Just over a week ago, one of my favorite professors died. Unfortunately, such news is becoming rather common, given how old I am and how old most of them were when I was a student. There have been two who died this year and three over the past couple of years. I want to take some time this week to talk about Dr. Sharp and what I learned from him.
Dr. Sharp was one of those quirky professors we often stereotype on television and in books. He had several tics that we joked about among us students, but we did so only because we cared for him so much. He would make random marks on the board when trying to illustrate a point, yet once chastised me for trying to write them down. When I was taking a Hawthorne/Melville seminar with him one summer, he began talking about some idea, then walked out into the hall, down that hall into his office, then back all while continuing to talk, seemingly unconcerned or unaware that we couldn’t hear half of what he said while he was outside the classroom.
Such mannerisms could lead people to think he was not approachable, as he could come off as rather abrupt or short in his responses. In fact, my first encounter with him was over the phone. After I had been accepted into the program, I called to see about summer assistantships. When I asked him about the possibility of getting one, he simply responded, “We don’t have those.” He gave no explanation and didn’t ask me any questions. I was so flustered, I stumbled through my other question about scheduling summer classes, then got off the phone as soon as I could (I didn’t much care to talk on the phone to people I didn’t know, either).
I later learned that the department could find summer assistantships, as Dr. Sharp found a few for some of us the next year. In fact, he did so because he know that several of us needed the money, so he rummaged around in the budget and made up several assistantships to keep us working. There wasn’t much work to do around the department, but that wasn’t the point, of course. He was more concerned about our well-being than he was about the work we were doing.
This is the main thing I learned from him outside the classroom. He would do anything he could to help students, which is what made him not only a great professor, but a great graduate director (a position he held one of my two years). Whenever we had questions, we could go to his office, and he would either know the answer or know who to call. I have too many memories of his picking up the phone and saying, “Mary [or whatever name], this is Ches Sharp.”
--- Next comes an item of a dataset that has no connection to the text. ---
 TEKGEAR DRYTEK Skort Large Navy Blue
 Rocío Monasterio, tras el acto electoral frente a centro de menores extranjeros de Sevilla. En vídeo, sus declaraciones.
In the classroom, he wanted to engage with students, so he created a climate where we felt comfortable talking with him and with one another. He asked interesting questions, ones he wasn’t sure he had the answer to, but ones he wanted us to explore together. He was genuinely interested in literature and in us and in that combination, so he wanted to see what would happen when he asked questions of both that literature and his students.
One of my favorite parts of his class was a section on an exam, which I know sounds odd. He was interested in linguistics as well as literature, so he gave us an identification section. He would pick a quote or two from the authors we had read, but it would be from a different work than the one would had read. Thus, if we had read The Scarlet Letter, he would pick a passage from The House of the Seven Gables. Our job was to identify the author based, not on the content, but on the syntax and diction and any other linguistic clues we could find. It sounds much more difficult than it is. It was a different way of talking about literature than I was used to, and I always looked forward to that section, if one can look forward to any part of the exam.
It was outside of class, though, where I really enjoyed interacting with Dr. Sharp. I would go by his office in the late afternoon when most people had already gone home. As a professor myself, I now know he was probably still there trying to get some work finished before he went home. He never made me feel as though he had more important things to do. Instead, we would talk about applying to doctoral programs or trying to get published or teaching or interacting with students, whatever happened to come up. He simply enjoyed (or pretended to enjoy) talking about the discipline with interested students. I wish, as we often do at such times in life, that I could have one more of those conversations.